Archive for August 2014
It became clear that there is much confusion over read and write; eg. Linus thought read() was like write() whereas I thought (prior to my last post) that write() was like read(). Both wrong…
Both Linux and v6 UNIX always returned from read() once data was available (v6 didn’t have sockets, but they had pipes). POSIX even suggests this:
The value returned may be less than nbyte if the number of bytes left in the file is less than nbyte, if the read() request was interrupted by a signal, or if the file is a pipe or FIFO or special file and has fewer than nbyte bytes immediately available for reading.
But write() is different. Presumably so simple UNIX filters didn’t have to check the return and loop (they’d just die with EPIPE anyway), write() tries hard to write all the data before returning. And that leads to a simple rule. Quoting Linus:
Sure, you can try to play games by knowing socket buffer sizes and look at pending buffers with SIOCOUTQ etc, and say “ok, I can probably do a write of size X without blocking” even on a blocking file descriptor, but it’s hacky, fragile and wrong.

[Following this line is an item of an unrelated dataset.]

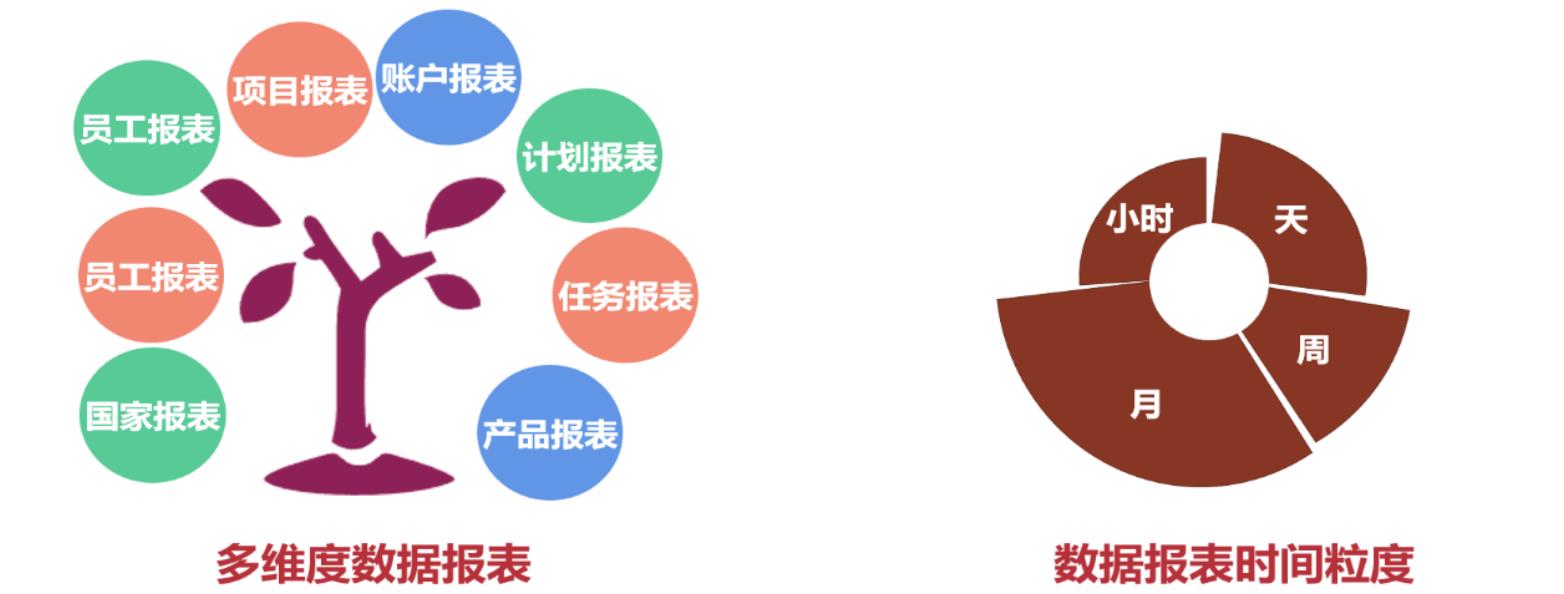 批量搭建差异化广告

I’m travelling, so I built an Ubuntu-compatible kernel with a printk() into select() and poll() to see who else was making this mistake on my laptop:
cups-browsed: (1262): fd 5 poll() for write without nonblock cups-browsed: (1262): fd 6 poll() for write without nonblock Xorg: (1377): fd 1 select() for write without nonblock Xorg: (1377): fd 3 select() for write without nonblock Xorg: (1377): fd 11 select() for write without nonblock
This first one is actually OK; fd 5 is an eventfd (which should never block). But the rest seem to be sockets, and thus probably bugs.
What’s worse, are the Linux select() man page:
A file descriptor is considered ready if it is possible to perform the corresponding I/O operation (e.g., read(2)) without blocking.
... those in writefds will be watched to see if a write will not block...
POLLOUT Writing now will not block.
Man page patches have been submitted…
There are numerous C async I/O libraries; tevent being the one I’m most familiar with. Yet, tevent has a very wide API, and programs using it inevitably descend into “callback hell”. So I wrote ccan/io.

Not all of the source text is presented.